▶ _Data listing_:
---------------

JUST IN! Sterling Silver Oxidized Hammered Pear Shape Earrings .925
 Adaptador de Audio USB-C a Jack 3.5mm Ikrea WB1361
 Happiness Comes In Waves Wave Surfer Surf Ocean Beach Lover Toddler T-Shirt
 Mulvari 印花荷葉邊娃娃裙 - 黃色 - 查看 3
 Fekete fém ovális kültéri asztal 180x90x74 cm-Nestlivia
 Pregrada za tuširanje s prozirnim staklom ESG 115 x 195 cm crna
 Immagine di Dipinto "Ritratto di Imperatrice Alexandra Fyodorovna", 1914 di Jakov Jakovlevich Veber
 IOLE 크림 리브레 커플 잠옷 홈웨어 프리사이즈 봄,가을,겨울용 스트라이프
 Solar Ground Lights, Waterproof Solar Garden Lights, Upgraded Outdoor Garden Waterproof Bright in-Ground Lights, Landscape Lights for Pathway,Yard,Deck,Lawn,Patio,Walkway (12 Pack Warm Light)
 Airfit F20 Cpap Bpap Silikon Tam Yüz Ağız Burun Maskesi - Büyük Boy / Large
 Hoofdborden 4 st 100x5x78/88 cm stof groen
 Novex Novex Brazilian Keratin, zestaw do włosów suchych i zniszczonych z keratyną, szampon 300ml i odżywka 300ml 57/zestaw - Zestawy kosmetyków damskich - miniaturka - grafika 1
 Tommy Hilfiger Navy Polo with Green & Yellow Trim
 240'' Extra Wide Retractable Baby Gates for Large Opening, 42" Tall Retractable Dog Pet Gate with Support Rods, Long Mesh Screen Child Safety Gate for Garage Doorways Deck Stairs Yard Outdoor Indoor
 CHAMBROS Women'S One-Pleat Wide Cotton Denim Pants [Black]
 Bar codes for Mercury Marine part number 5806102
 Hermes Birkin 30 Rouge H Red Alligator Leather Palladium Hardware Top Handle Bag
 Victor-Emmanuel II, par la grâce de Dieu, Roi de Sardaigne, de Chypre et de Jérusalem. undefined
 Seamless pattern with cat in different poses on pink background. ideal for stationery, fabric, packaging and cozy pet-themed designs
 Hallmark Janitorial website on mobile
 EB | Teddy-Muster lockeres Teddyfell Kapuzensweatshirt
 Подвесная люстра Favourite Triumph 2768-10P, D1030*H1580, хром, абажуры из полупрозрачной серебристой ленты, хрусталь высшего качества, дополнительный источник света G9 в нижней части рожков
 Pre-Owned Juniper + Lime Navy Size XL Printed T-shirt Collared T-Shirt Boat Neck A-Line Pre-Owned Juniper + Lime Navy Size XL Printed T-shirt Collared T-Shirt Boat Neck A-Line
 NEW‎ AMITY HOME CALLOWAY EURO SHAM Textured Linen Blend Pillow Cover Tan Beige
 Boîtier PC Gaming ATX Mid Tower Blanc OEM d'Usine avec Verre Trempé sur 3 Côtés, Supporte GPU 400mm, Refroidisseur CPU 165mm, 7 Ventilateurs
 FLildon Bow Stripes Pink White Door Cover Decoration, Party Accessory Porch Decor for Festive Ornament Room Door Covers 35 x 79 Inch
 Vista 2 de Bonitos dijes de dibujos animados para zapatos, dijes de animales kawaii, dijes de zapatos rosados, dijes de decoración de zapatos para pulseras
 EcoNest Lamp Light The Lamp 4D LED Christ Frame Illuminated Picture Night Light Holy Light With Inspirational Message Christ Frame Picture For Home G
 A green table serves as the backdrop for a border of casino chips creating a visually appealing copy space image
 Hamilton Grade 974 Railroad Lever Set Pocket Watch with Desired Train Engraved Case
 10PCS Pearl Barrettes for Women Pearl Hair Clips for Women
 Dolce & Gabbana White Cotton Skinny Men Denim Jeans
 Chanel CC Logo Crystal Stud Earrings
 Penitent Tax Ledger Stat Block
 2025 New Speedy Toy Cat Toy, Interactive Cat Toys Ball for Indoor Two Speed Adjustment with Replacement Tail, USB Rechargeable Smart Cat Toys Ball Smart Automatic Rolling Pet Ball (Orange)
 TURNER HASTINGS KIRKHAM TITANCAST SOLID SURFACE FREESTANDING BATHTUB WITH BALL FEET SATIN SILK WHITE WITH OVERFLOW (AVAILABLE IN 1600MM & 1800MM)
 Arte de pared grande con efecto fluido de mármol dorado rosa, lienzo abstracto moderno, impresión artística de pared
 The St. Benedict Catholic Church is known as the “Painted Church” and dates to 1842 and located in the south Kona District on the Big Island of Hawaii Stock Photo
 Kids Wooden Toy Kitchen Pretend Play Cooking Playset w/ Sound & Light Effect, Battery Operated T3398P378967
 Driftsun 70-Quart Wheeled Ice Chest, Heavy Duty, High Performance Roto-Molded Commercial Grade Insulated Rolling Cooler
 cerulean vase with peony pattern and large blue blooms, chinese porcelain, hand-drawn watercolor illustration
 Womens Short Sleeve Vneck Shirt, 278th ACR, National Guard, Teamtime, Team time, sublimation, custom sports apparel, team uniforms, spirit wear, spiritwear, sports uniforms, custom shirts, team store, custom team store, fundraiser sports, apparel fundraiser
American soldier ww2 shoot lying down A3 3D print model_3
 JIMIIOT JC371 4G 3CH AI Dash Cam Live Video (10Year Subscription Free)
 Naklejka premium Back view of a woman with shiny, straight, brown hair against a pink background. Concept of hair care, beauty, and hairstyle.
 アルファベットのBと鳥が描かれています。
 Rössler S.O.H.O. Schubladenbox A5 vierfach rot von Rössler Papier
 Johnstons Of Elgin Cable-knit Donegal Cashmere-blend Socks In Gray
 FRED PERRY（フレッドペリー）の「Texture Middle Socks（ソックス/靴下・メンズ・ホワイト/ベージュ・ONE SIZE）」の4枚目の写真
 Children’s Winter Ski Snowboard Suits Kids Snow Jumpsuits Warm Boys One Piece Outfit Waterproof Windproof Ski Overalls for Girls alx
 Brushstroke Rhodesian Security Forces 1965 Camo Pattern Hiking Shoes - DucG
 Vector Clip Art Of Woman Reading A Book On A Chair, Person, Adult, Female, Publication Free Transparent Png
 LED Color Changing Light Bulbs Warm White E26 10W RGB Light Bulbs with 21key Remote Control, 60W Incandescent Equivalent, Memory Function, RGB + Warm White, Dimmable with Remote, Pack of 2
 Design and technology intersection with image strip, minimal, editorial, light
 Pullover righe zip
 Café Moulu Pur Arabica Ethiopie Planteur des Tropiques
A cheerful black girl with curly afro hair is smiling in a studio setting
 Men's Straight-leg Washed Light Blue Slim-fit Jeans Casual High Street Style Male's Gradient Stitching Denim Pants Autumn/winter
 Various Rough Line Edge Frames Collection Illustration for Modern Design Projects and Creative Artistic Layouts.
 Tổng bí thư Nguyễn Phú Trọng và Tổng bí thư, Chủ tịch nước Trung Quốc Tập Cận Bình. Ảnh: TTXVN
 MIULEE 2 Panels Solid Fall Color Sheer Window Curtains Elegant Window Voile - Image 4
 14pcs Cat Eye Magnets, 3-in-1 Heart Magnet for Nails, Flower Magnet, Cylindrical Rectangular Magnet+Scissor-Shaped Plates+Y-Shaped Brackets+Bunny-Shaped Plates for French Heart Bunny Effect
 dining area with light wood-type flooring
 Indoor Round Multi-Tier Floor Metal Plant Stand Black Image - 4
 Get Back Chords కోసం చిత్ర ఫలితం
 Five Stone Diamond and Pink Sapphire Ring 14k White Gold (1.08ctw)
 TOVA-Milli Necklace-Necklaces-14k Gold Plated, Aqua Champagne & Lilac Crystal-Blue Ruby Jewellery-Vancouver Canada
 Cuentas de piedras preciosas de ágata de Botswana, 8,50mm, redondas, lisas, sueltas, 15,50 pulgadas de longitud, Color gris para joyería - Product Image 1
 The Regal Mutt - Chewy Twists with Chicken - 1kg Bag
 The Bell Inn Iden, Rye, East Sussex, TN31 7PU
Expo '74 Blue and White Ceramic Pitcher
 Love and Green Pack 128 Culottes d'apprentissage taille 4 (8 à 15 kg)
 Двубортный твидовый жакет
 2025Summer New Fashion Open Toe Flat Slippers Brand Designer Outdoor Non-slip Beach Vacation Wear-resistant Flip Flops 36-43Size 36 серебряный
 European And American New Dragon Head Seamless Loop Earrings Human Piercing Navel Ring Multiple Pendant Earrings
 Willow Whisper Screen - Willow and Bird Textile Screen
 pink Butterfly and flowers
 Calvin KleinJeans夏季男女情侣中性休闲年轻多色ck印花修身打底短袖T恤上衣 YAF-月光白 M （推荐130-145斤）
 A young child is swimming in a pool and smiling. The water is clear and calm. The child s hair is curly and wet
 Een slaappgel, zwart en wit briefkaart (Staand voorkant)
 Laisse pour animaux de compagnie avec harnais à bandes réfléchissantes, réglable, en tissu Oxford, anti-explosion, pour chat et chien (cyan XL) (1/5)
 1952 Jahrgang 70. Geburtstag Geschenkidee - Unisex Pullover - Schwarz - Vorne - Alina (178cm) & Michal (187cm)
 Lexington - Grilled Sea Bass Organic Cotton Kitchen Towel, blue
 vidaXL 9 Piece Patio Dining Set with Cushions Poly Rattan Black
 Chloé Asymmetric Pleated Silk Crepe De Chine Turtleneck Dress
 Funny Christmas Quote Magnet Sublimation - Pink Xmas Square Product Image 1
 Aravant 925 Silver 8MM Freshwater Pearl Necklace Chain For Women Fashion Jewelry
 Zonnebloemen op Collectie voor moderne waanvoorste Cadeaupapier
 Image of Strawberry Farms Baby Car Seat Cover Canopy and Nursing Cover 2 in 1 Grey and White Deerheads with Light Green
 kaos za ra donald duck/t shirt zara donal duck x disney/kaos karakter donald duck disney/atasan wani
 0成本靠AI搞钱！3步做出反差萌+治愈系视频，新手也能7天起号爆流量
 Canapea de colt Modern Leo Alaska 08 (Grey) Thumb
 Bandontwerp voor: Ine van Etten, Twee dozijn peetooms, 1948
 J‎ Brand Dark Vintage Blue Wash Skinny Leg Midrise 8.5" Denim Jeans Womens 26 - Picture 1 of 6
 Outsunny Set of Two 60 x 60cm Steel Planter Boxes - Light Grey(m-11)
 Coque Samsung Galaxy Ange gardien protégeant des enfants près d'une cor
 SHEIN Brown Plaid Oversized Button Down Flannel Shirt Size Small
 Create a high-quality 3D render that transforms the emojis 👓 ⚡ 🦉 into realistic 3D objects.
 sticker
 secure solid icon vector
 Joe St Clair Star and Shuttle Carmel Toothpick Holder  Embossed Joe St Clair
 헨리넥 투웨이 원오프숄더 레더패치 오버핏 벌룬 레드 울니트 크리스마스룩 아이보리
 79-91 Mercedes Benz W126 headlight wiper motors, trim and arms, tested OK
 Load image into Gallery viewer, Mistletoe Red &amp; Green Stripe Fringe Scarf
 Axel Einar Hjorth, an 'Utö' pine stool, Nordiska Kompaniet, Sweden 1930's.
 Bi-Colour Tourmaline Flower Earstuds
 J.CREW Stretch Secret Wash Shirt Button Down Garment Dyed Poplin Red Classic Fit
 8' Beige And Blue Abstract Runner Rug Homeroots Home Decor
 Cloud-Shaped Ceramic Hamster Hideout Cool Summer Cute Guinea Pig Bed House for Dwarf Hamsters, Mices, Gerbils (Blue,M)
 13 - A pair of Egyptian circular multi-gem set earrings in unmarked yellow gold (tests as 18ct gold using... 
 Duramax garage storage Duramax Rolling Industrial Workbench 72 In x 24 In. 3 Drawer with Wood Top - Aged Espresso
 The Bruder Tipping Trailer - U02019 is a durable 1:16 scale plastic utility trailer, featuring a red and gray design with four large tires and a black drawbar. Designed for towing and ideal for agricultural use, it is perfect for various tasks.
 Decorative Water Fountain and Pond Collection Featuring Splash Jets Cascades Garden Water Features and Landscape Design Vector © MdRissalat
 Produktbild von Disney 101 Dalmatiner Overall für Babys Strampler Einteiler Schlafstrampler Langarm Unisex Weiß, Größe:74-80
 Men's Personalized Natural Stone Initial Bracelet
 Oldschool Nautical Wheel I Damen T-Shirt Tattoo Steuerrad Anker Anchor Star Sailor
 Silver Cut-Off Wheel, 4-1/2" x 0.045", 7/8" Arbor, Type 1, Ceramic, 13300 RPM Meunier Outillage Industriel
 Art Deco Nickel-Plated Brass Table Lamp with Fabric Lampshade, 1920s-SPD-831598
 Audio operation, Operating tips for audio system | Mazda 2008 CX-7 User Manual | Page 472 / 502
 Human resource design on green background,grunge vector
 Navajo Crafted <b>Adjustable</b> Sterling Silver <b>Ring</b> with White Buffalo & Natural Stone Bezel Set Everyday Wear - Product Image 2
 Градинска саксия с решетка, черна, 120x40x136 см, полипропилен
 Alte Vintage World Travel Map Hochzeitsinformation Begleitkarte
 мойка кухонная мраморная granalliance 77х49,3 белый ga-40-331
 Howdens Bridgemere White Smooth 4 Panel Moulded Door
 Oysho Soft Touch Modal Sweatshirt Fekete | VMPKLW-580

---------------

▶ _Your assignment_: Which lines in the data above contain "curly"? Show each one.

▶ _Task output_:
A cheerful black girl with curly afro hair is smiling in a studio setting
 A young child is swimming in a pool and smiling. The water is clear and calm. The child s hair is curly and wet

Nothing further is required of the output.